Northumbria University is partnering with nine other organisations to launch the pilot, which is backed by the Office for Students, for the ‘Early Alert Tool’.
The university already collects student data around their grades, both physical and virtual attendance records, and library usage. Under the new scheme, which students will have to opt-in to, this data will be combined with information from social media, conversations students have with staff, and data from their accommodation provider.
“We know students use social media, they engage with one another, they use it in a variety of different forms,” Professor Peter Francis, deputy vice-chancellor of Northumbria University, told The Telegraph.
“We are asking the questions – to what extent might that data provide some information to identify student profiles? This builds on what we have been doing. What other traces or types of data might we start to identify as being relevant?”
Though the scheme may have good intentions, there are several questions over how ethical it truly is. Issues around data privacy are constantly in the spotlight and there is also the problem of using a typically highly vulnerable group to trial such a thing.

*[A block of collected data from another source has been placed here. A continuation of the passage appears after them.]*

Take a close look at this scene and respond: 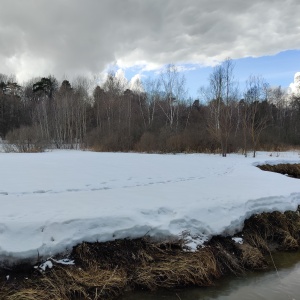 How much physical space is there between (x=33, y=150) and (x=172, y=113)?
694 inches

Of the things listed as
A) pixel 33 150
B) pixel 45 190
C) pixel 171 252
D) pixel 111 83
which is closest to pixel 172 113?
pixel 111 83

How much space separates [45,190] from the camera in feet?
29.3

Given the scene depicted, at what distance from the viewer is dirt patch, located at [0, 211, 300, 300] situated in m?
4.96

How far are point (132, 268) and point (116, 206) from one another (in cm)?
169

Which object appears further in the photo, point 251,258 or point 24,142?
point 24,142

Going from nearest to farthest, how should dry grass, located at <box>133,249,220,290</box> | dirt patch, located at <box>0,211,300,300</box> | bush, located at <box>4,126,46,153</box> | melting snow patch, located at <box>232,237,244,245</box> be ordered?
dirt patch, located at <box>0,211,300,300</box>, dry grass, located at <box>133,249,220,290</box>, melting snow patch, located at <box>232,237,244,245</box>, bush, located at <box>4,126,46,153</box>

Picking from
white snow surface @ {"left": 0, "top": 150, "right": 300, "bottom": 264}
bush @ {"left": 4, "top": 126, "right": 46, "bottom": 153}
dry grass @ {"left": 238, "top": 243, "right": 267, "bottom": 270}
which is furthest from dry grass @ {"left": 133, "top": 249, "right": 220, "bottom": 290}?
bush @ {"left": 4, "top": 126, "right": 46, "bottom": 153}

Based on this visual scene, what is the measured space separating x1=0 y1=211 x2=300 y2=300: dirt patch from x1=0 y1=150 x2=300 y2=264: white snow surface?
22 centimetres

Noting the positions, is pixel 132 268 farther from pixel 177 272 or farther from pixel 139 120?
pixel 139 120

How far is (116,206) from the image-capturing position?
7168mm

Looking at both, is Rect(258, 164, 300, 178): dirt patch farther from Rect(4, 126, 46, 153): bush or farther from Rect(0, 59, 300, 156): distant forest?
Rect(4, 126, 46, 153): bush

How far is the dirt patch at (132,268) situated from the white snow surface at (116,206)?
0.72 feet

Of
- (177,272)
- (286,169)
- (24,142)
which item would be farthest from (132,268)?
(24,142)

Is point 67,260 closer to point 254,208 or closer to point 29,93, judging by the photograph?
point 254,208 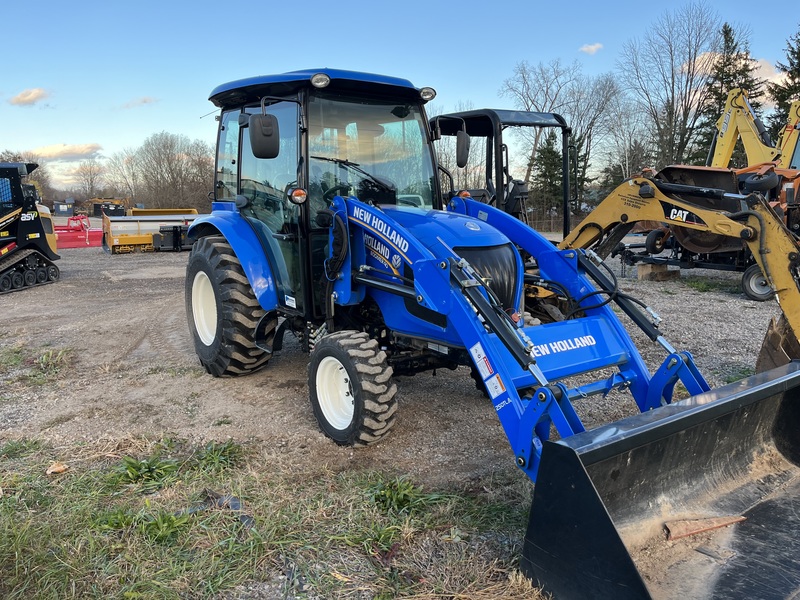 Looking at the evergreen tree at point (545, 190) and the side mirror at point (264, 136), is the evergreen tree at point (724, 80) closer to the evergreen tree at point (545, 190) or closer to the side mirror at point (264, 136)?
the evergreen tree at point (545, 190)

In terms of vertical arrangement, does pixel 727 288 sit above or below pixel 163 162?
below

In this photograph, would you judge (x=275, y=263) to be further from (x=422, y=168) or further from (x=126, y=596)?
(x=126, y=596)

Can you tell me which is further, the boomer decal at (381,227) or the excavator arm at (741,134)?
the excavator arm at (741,134)

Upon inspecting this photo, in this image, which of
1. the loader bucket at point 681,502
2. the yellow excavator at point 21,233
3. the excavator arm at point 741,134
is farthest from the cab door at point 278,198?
the excavator arm at point 741,134

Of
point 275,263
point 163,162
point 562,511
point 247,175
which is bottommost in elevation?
point 562,511

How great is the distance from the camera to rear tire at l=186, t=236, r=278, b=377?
17.2 feet

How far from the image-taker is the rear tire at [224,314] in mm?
5230

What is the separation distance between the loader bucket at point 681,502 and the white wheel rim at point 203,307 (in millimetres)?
4356

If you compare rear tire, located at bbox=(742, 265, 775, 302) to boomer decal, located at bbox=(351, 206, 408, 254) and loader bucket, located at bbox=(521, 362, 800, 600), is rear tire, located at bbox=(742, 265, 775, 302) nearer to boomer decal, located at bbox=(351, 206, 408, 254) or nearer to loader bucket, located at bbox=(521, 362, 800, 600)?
loader bucket, located at bbox=(521, 362, 800, 600)

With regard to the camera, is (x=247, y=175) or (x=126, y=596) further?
(x=247, y=175)

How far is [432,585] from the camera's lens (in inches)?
103

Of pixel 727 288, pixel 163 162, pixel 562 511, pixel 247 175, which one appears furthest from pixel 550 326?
pixel 163 162

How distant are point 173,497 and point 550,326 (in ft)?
7.69

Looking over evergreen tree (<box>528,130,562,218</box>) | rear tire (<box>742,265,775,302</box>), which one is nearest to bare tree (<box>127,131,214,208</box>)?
evergreen tree (<box>528,130,562,218</box>) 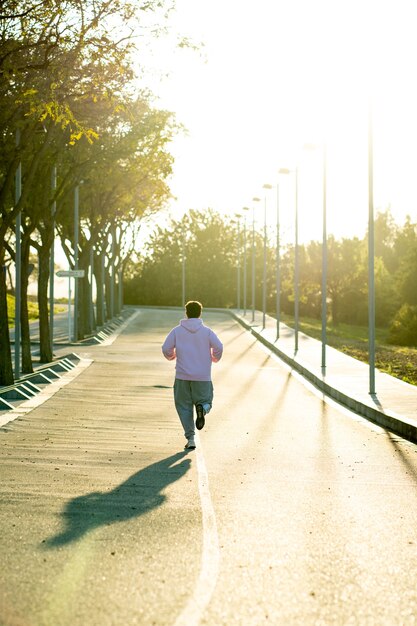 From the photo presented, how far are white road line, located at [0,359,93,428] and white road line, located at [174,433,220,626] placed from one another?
297 inches

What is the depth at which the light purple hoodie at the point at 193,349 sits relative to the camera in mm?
14539

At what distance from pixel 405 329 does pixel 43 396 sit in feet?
138

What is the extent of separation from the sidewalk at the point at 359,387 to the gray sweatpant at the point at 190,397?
10.5ft

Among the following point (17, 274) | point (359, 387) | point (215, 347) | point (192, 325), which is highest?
point (17, 274)

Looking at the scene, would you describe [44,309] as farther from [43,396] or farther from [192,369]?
[192,369]

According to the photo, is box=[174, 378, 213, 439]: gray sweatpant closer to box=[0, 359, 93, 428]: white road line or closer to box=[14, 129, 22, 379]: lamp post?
box=[0, 359, 93, 428]: white road line

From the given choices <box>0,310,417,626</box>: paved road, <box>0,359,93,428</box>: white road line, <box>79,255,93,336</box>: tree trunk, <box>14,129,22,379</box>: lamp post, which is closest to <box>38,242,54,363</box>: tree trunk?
<box>0,359,93,428</box>: white road line

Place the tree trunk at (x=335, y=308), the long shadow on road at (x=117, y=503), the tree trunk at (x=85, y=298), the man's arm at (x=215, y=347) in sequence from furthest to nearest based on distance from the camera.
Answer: the tree trunk at (x=335, y=308) → the tree trunk at (x=85, y=298) → the man's arm at (x=215, y=347) → the long shadow on road at (x=117, y=503)

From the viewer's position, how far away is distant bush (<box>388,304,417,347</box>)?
202 feet

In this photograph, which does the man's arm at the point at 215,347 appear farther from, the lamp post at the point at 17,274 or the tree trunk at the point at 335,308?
the tree trunk at the point at 335,308

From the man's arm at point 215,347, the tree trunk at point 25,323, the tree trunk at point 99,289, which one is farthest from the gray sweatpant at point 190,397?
the tree trunk at point 99,289

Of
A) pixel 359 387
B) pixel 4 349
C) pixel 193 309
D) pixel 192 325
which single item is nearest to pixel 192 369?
pixel 192 325

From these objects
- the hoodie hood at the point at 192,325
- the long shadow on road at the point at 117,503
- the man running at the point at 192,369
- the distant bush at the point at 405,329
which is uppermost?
the hoodie hood at the point at 192,325

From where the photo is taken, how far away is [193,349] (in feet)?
47.9
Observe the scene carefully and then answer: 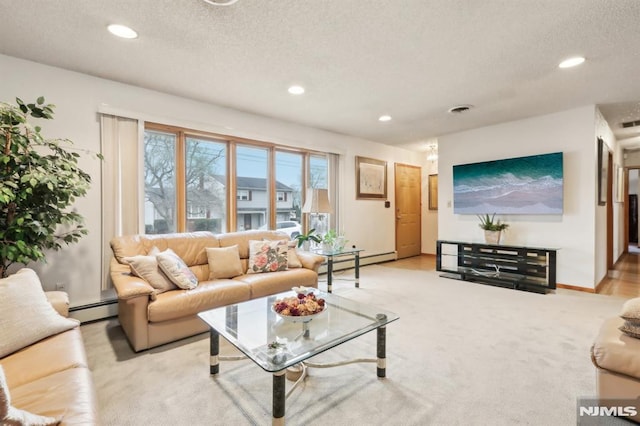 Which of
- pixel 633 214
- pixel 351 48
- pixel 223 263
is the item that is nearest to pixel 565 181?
pixel 351 48

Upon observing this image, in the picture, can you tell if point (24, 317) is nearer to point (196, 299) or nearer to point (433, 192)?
point (196, 299)

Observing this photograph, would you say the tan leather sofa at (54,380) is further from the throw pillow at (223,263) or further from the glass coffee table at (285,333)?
the throw pillow at (223,263)

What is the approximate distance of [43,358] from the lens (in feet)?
4.72

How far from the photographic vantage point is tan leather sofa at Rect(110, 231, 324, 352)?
2.31m

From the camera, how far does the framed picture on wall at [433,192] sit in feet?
22.5

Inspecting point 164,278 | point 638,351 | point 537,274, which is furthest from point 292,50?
point 537,274

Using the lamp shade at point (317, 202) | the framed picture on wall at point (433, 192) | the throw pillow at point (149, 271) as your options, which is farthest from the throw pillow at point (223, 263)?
the framed picture on wall at point (433, 192)

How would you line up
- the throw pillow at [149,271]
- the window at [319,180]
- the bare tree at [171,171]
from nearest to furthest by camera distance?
1. the throw pillow at [149,271]
2. the bare tree at [171,171]
3. the window at [319,180]

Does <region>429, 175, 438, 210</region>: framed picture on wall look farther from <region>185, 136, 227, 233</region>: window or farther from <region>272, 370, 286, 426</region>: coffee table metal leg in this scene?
<region>272, 370, 286, 426</region>: coffee table metal leg

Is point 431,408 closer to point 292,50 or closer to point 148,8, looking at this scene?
point 292,50

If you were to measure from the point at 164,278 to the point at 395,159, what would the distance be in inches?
197

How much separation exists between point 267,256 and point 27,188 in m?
2.07

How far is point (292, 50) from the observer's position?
2506mm

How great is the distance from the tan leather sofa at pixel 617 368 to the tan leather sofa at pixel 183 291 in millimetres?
2444
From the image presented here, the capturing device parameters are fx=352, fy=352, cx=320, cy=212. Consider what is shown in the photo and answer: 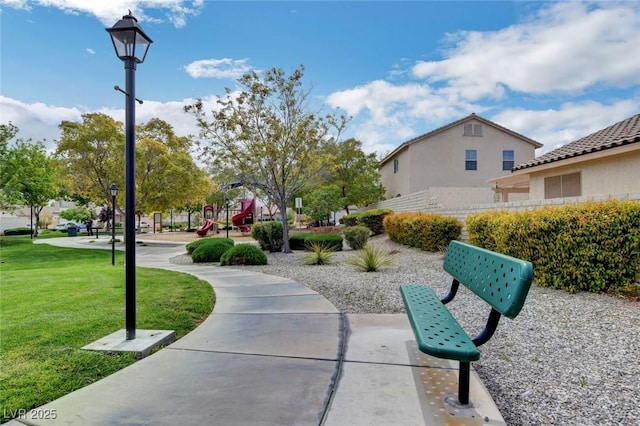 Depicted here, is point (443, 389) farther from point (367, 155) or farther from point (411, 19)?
point (367, 155)

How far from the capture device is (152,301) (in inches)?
217

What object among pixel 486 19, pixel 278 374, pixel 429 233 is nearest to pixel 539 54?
pixel 486 19

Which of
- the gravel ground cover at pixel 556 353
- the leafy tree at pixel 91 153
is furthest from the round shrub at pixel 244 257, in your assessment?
the leafy tree at pixel 91 153

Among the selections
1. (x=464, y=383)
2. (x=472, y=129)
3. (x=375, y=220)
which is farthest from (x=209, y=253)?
(x=472, y=129)

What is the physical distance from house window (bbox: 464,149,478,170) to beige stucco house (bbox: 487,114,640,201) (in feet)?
34.2

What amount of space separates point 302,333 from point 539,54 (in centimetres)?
1090

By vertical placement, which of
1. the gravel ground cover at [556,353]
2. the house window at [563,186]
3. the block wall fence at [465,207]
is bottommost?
the gravel ground cover at [556,353]

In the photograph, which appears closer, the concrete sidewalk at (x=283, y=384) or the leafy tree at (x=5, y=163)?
the concrete sidewalk at (x=283, y=384)

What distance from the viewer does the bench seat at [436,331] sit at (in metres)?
2.19

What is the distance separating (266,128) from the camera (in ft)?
43.6

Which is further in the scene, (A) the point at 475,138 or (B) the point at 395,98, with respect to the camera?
(A) the point at 475,138

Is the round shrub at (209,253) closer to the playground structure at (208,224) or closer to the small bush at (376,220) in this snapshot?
the small bush at (376,220)

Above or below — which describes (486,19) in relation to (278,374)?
above

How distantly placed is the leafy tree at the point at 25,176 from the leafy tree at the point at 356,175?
2001 centimetres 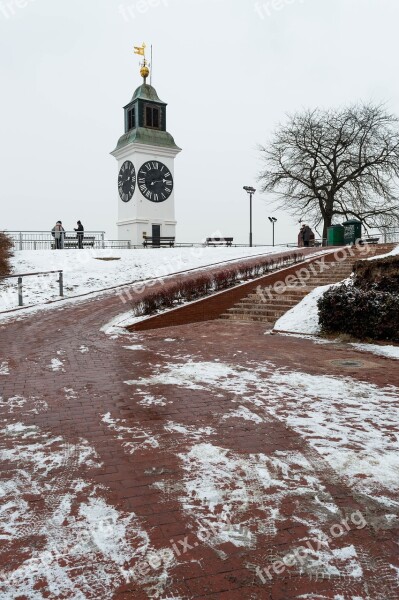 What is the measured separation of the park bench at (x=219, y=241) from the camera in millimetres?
35875

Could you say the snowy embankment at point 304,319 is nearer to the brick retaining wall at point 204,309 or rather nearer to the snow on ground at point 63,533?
the brick retaining wall at point 204,309

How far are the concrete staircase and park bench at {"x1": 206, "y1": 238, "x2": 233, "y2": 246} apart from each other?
18794 mm

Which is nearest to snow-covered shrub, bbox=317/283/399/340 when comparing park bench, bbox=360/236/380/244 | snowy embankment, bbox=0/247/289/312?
snowy embankment, bbox=0/247/289/312

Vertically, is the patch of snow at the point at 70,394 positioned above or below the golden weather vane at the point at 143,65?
below

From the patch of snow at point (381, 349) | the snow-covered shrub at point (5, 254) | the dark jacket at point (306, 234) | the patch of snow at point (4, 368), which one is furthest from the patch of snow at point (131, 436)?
the dark jacket at point (306, 234)

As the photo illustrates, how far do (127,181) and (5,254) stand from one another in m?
19.7

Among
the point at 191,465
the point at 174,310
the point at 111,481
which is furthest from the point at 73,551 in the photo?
the point at 174,310

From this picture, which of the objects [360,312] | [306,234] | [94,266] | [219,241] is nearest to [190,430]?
[360,312]

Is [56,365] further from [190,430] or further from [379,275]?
[379,275]

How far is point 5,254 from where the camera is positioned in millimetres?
19078

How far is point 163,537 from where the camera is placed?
2.79 meters

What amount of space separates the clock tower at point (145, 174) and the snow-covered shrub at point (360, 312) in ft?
88.1

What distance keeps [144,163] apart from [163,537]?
35.7m

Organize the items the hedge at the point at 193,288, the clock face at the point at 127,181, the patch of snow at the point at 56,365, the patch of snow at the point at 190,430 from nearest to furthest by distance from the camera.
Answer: the patch of snow at the point at 190,430 < the patch of snow at the point at 56,365 < the hedge at the point at 193,288 < the clock face at the point at 127,181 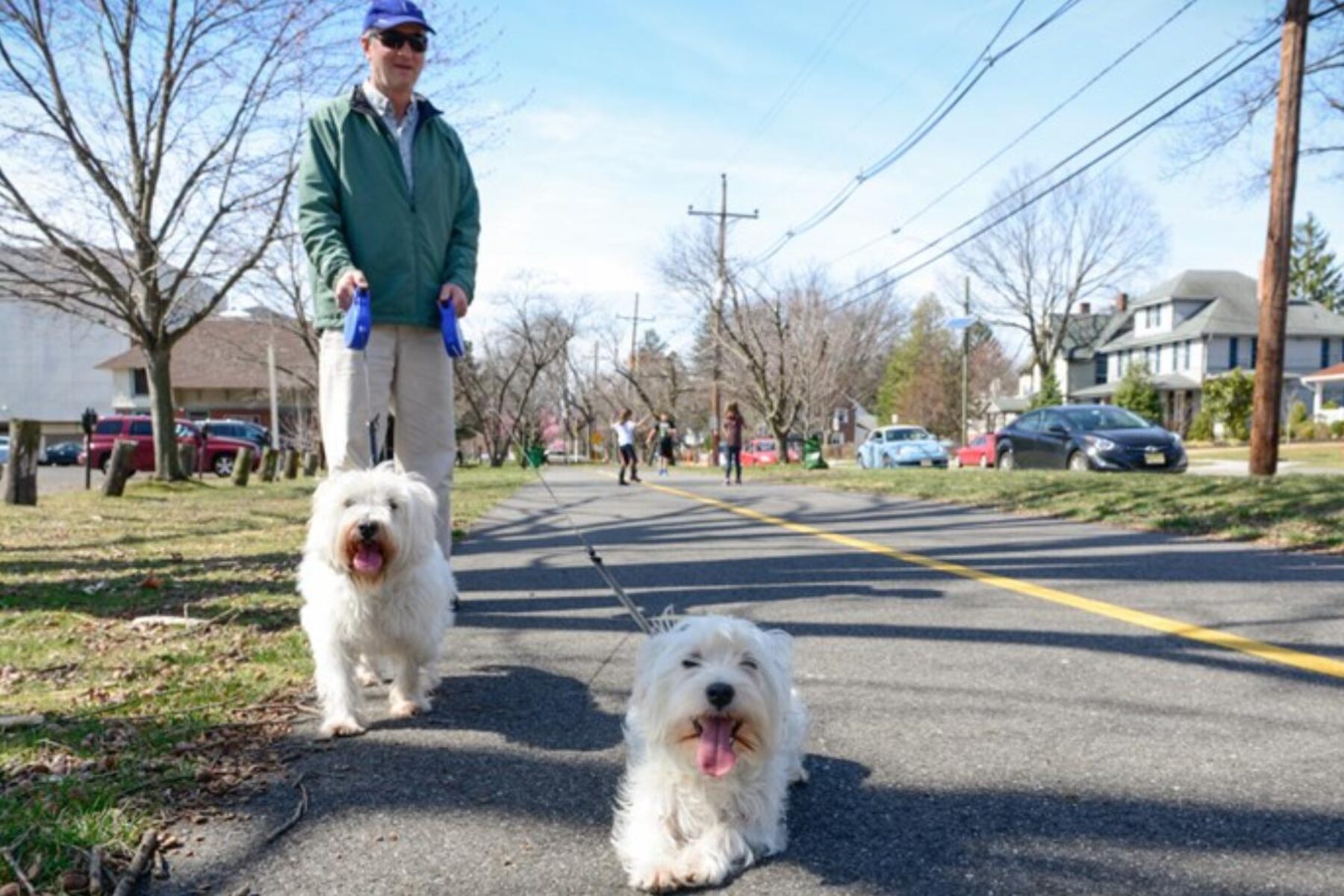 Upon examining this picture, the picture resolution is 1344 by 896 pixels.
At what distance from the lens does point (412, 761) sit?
9.91ft

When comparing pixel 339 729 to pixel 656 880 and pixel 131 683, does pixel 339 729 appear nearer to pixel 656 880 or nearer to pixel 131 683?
pixel 131 683

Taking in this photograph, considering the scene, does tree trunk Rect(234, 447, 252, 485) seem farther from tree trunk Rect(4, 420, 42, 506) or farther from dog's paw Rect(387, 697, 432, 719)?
dog's paw Rect(387, 697, 432, 719)

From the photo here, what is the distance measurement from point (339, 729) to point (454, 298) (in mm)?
1933

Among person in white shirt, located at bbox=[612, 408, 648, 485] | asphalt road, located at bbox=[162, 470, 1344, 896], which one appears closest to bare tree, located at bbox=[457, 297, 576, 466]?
person in white shirt, located at bbox=[612, 408, 648, 485]

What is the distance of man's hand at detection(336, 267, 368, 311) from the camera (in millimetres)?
3887

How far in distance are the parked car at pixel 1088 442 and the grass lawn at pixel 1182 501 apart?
379cm

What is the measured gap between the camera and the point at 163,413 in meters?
18.3

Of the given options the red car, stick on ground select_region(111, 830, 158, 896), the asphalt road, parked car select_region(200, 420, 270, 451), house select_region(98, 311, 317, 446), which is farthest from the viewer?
house select_region(98, 311, 317, 446)

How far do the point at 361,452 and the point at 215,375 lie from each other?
207ft

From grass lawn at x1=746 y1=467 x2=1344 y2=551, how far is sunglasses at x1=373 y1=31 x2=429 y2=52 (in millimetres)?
7218

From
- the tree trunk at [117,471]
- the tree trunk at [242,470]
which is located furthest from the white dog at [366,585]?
the tree trunk at [242,470]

Nicola Dandridge, chief executive of the Office for Students, said: “Whenever I talk to students, improving mental health support is consistently raised as a priority… in too many cases students are having their experience of higher education blighted by mental ill-health. For many of these students, there is much more that we can do. Taking preventative action to promote good mental health is critical, as is taking a whole institution approach and involving students in developing solutions. In addition, the earlier we can identify issues developing, the more effectively we can give the vital support that is needed.”